Toutefois, soulignons que la consommation de viande en Chine est en augmentation constante, notamment celle de porc (elle a quadruplé selon le US Agriculture Department). Dans ce secteur, il existe une grande variété de produits français de haute qualité, et donc, des opportunités en attente. À noter tout de même que l’Italie et l’Espagne importent déjà depuis plusieurs années en Chine leurs respectifs jambon de Parme et saucisson, des voisins qui risquent de faire un peu d’ombre à l’Hexagone dans le domaine de la charcuterie.

 

Dans ce contexte, la grande majorité de l’offre des MSO concerne les vins, dont la région bordelaise recèle.
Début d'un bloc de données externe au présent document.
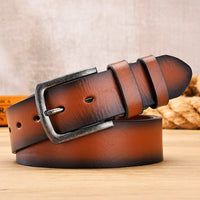 Antique Silver Pin Buckle Business Casual Jeans Belt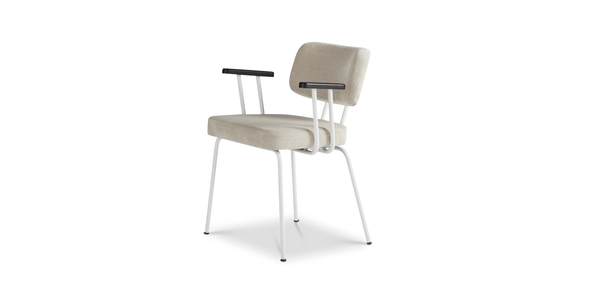 Ted Eetkamerstoel + arm - Portofino Natural - Wit Onderstel - Armleuning Zwart - {{ product.type }} - Kas20
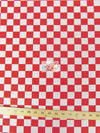 Poly Cotton Printed Fabric Square Checkered / Red/White / Sold By The Yard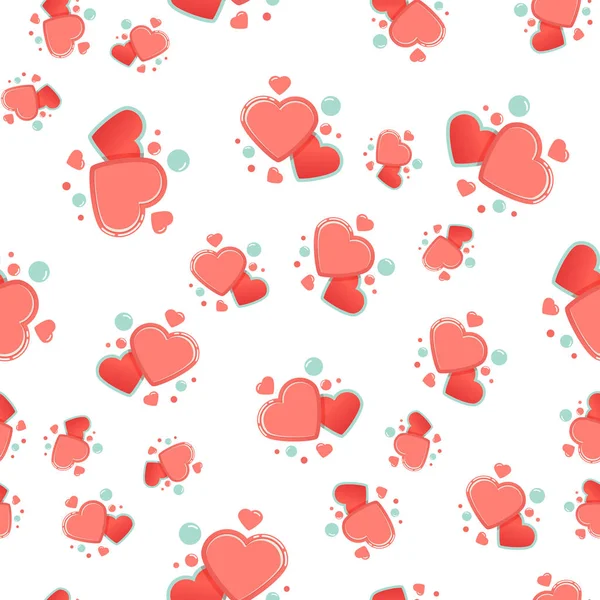 Seamless pattern with hearts and dots — Stock Vector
Mais tout de même, il est dommage que les consommateurs chinois passent à côté de tout ce que le Sud-Ouest français a à lui offrir : foie gras, armagnac, jambon de Bayonne pruneaux d’Agen, noix du Périgord, volailles fermières des Landes, bœuf gascon, tomme des Pyrénées, roquefort, melon du Quercy, cassoulet, confit de canard et j’en passe…

 

Mais ces délices font-ils véritablement envie aux Chinois ? « Hormis les vins et le foie gras, ces produits du terroir sont très peu connus en Chine, puisqu’ils ne sont pas exportés », rappelle Magali Bladier. Bien que généralement curieux des « nouveautés » venant de l’étranger, il ne faut pas oublier que les Chinois n’ont pas reçu la même formation au goût que les Français. Ainsi, le fromage est-il difficile à digérer pour la plupart... « Lors de la Foire de l’Ouest à Chengdu en octobre dernier, nous avions un stand de promotion sur lequel nous proposions une dégustation de roquefort et du fromage de brebis Ossau-Iraty. Beaucoup de personnes ont fait un peu la grimace en goûtant, puis ont recraché les produits », avoue-t-elle. D’ailleurs, un article de l’AFP ironisait, constatant qu’il serait difficile de vendre du pâté et du fromage dans un pays où l’on mange très peu de pain...

 

En conclusion, les retombées économiques ne sont pas pour tout de suite... Certains prédisent un bel avenir à la filière porcine et à l’épicerie sucrée françaises en Chine, mais il faudra d’abord que les Chinois aient l’occasion de goûter les produits, de trouver avec quoi les marier et d’y habituer leur palais. Patience, donc...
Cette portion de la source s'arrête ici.